What this task involves>
Restate all the lines below word for word, but omit the pictures.

Task inputs>
------------------------------

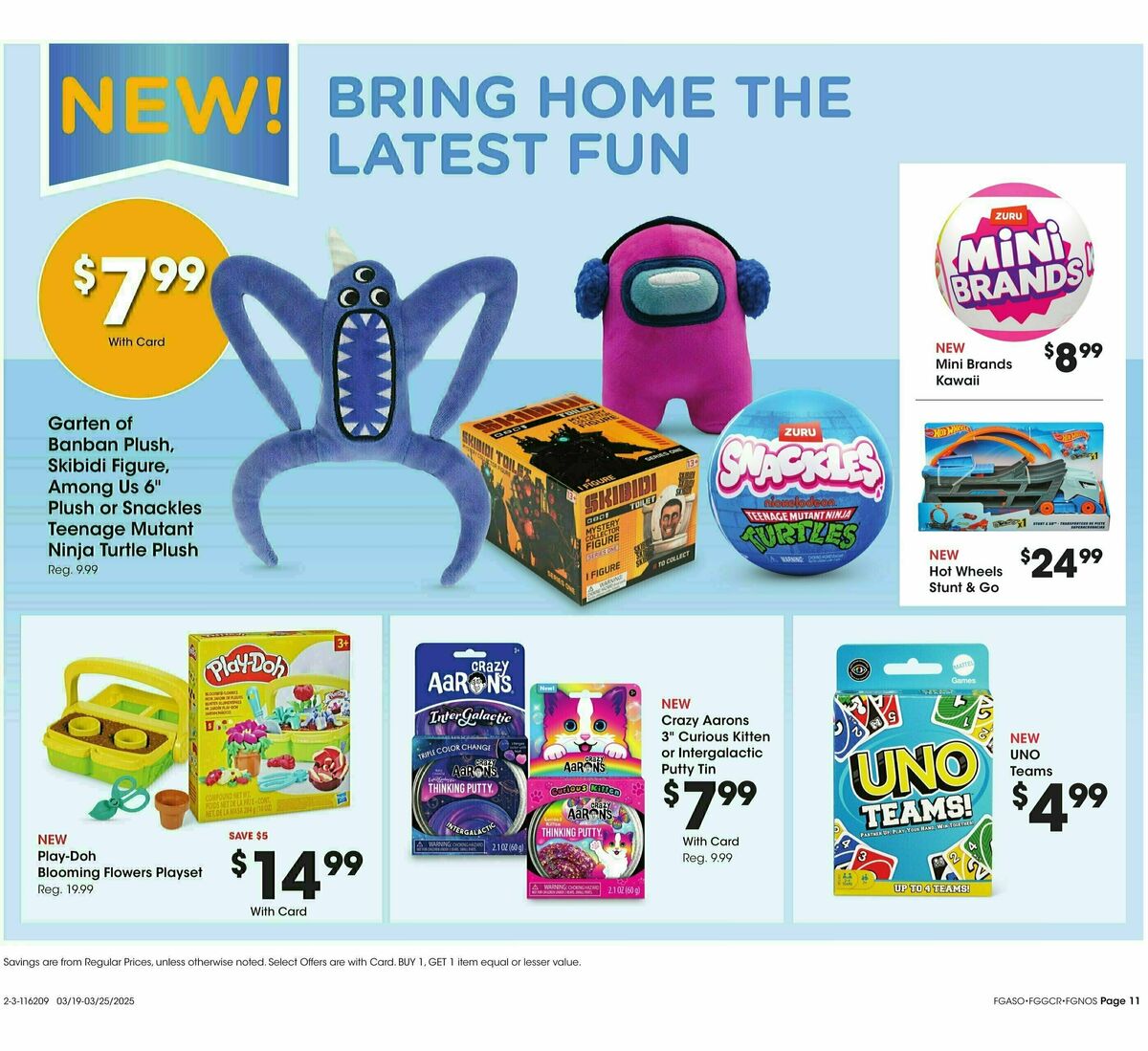 Fred Meyer General Merchandise Weekly Ad from March 19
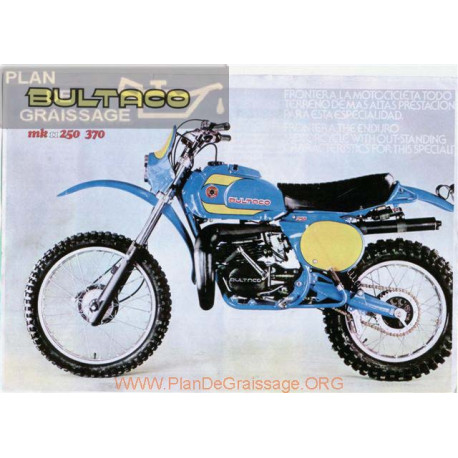 Bultaco Frontera Mk11 250 Mod 214 Mk11 370 Mod 215 Manual Usuario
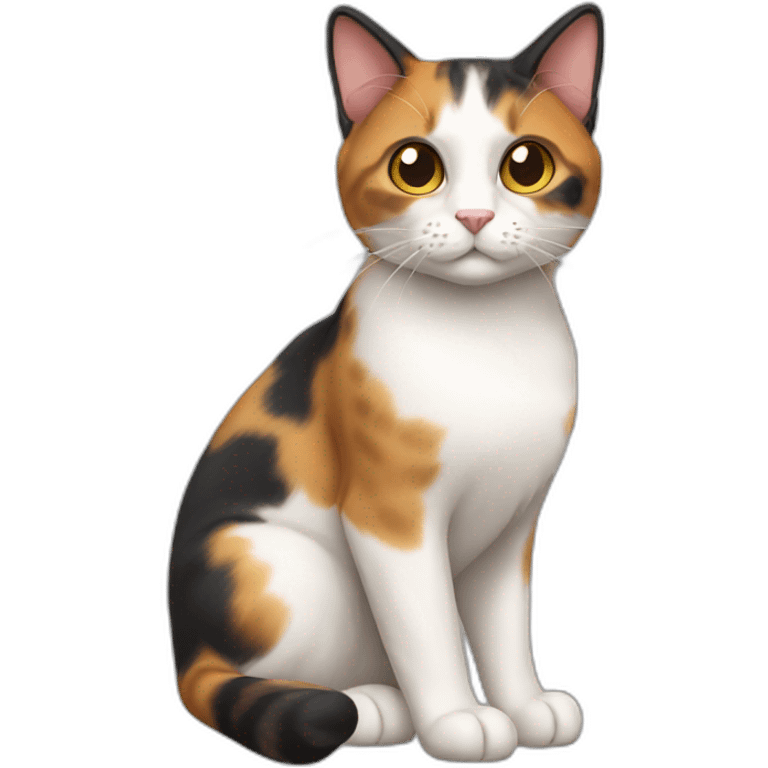 Calico Cat Full Body emoji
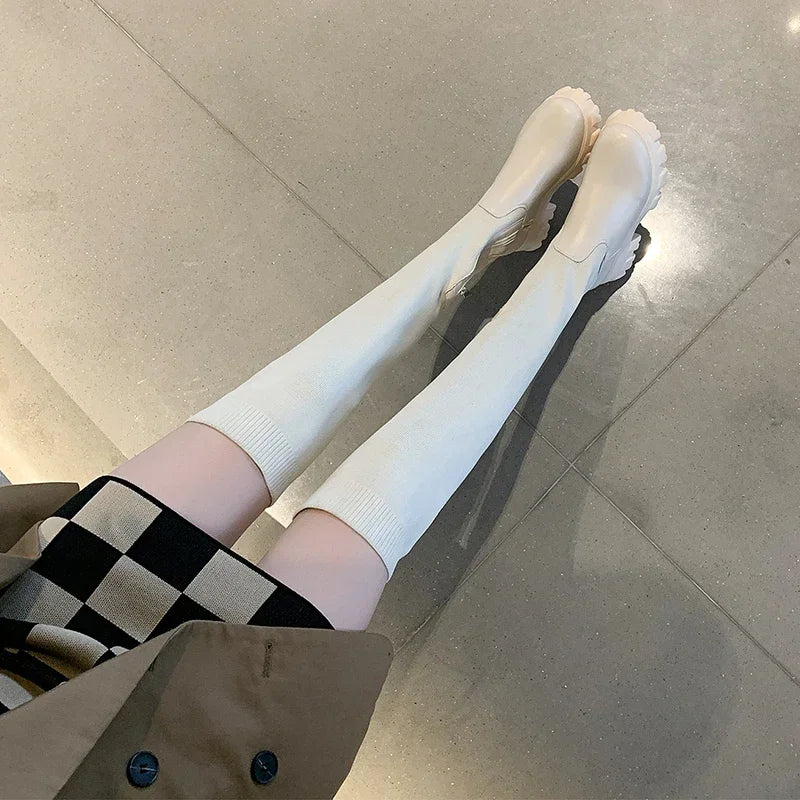 Davellia | Women’s Knee-High Boots with Chunky Sole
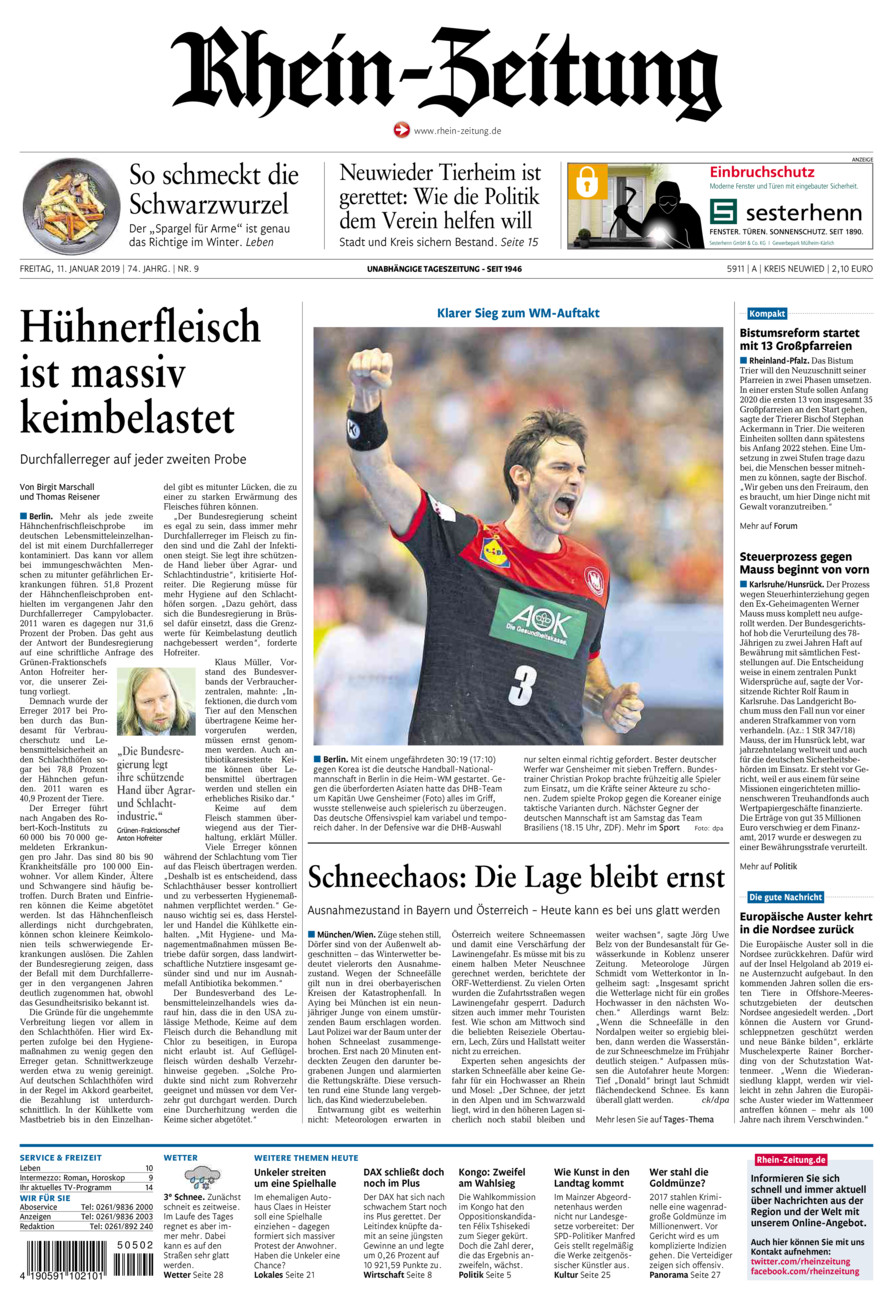 Rhein-Zeitung Kreis Neuwied vom Freitag, 11.01.2019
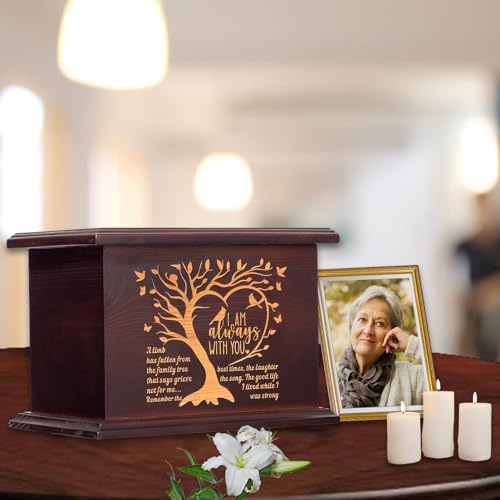 Cremation Urns For Human Ashes - Wooden Urns L-Tree Style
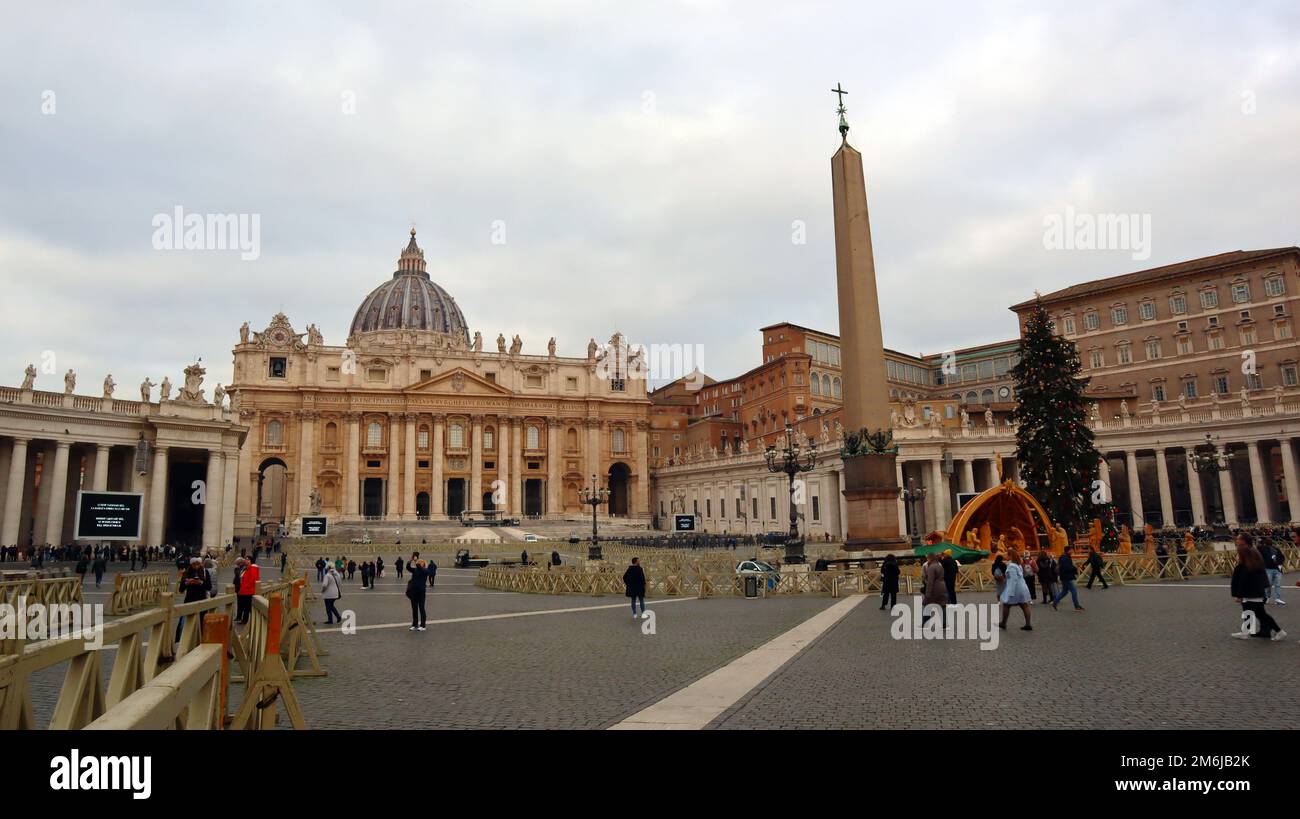 Vatican City, Holy See Saint Peter square at Christmas with 2022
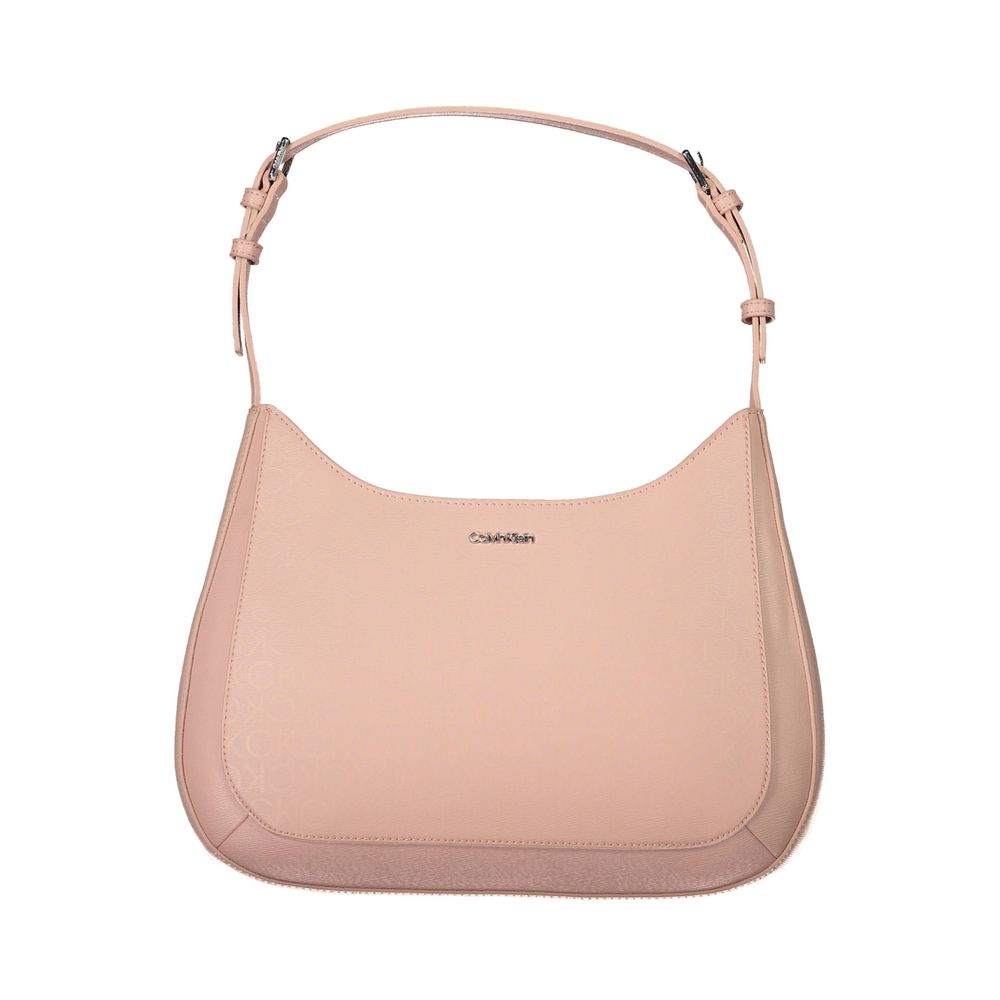 Rosa Polyester Handtasche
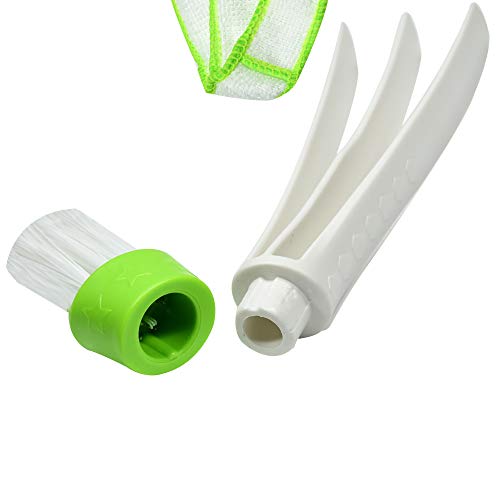 Multifunction Cleaning Brush for Car Air Vent - 2 Microfiber Sleeves Blinds Cleaner Tools for Keyboard Window Leaves Blinds Shutter 2 Pack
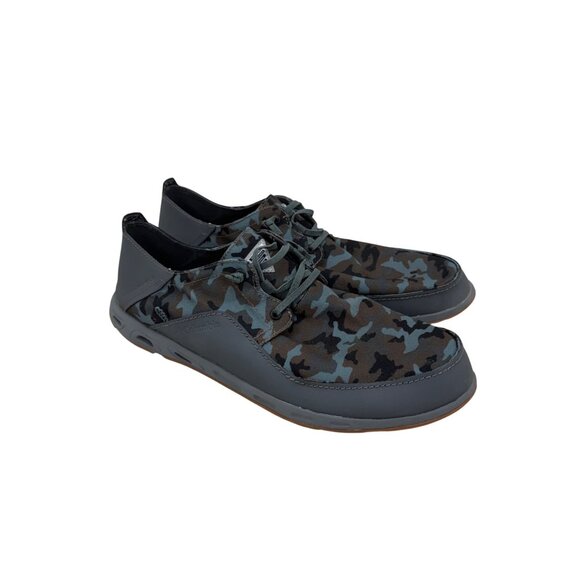 Columbia PFG Bahama Vent Graphite Metal Camo Relaxed Shoes BM2658-055 Mens sz 16 - Picture 1 of 8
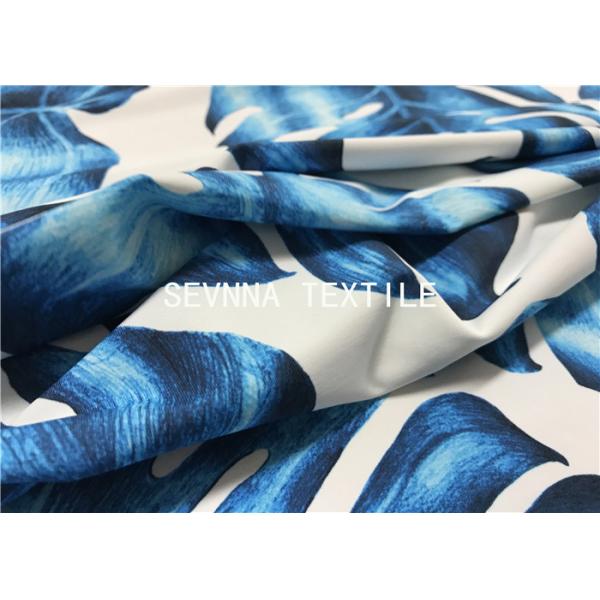 Weft Knitted Acid Printing Nylon Repreve Fabric Stretching Anti Odor Eco Friendly Ethical Fashion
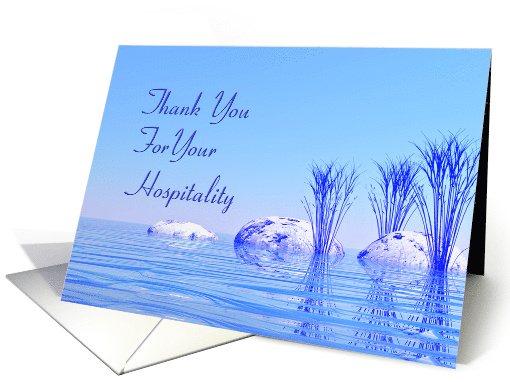 Hospitality Thank You Tranquil water card (295036)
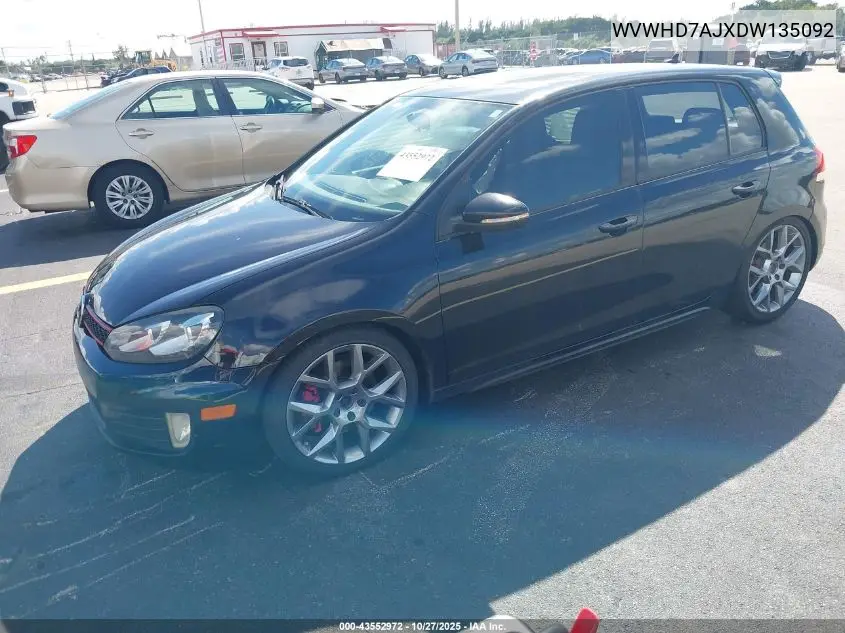 WVWHD7AJXDW135092 2013 Volkswagen Gti Drivers Edition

------------------------------

Solution for this exercise>
 Fred Meyer General Merchandise Weekly Ad from March 19
 Bultaco Frontera Mk11 250 Mod 214 Mk11 370 Mod 215 Manual Usuario
 Calico Cat Full Body emoji
 Davellia | Women’s Knee-High Boots with Chunky Sole
 Rhein-Zeitung Kreis Neuwied vom Freitag, 11.01.2019
 Cremation Urns For Human Ashes - Wooden Urns L-Tree Style
 Vatican City, Holy See Saint Peter square at Christmas with 2022
 Rosa Polyester Handtasche
 Multifunction Cleaning Brush for Car Air Vent - 2 Microfiber Sleeves Blinds Cleaner Tools for Keyboard Window Leaves Blinds Shutter 2 Pack
 Columbia PFG Bahama Vent Graphite Metal Camo Relaxed Shoes BM2658-055 Mens sz 16 - Picture 1 of 8
 Weft Knitted Acid Printing Nylon Repreve Fabric Stretching Anti Odor Eco Friendly Ethical Fashion
 Hospitality Thank You Tranquil water card (295036)
 WVWHD7AJXDW135092 2013 Volkswagen Gti Drivers Edition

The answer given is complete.